START Data below
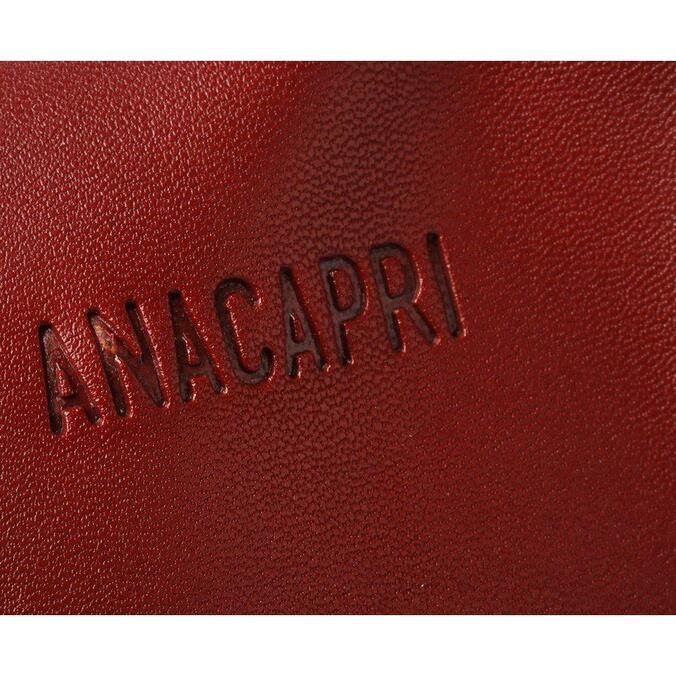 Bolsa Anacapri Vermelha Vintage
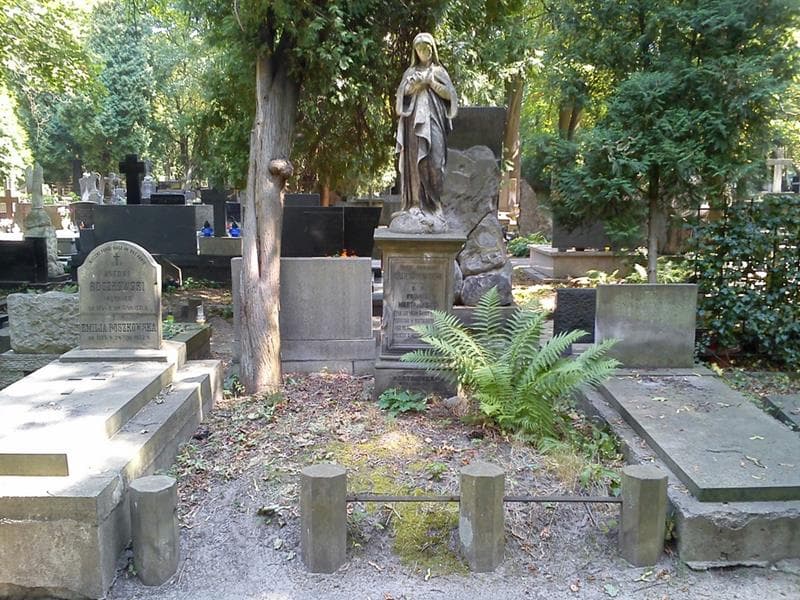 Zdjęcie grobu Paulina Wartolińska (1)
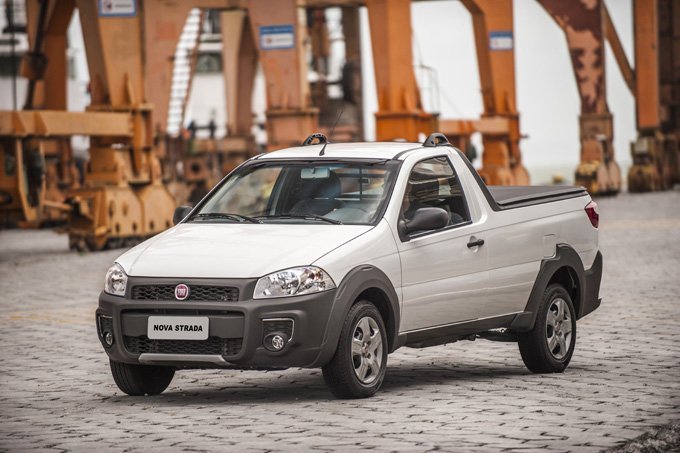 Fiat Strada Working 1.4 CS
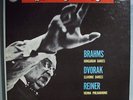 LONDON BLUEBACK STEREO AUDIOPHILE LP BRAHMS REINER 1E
END Data below
The task —
With the pictures removed, set down the entire listing exactly.

Result for this task —
 Bolsa Anacapri Vermelha Vintage
 Zdjęcie grobu Paulina Wartolińska (1)
 Fiat Strada Working 1.4 CS
 LONDON BLUEBACK STEREO AUDIOPHILE LP BRAHMS REINER 1E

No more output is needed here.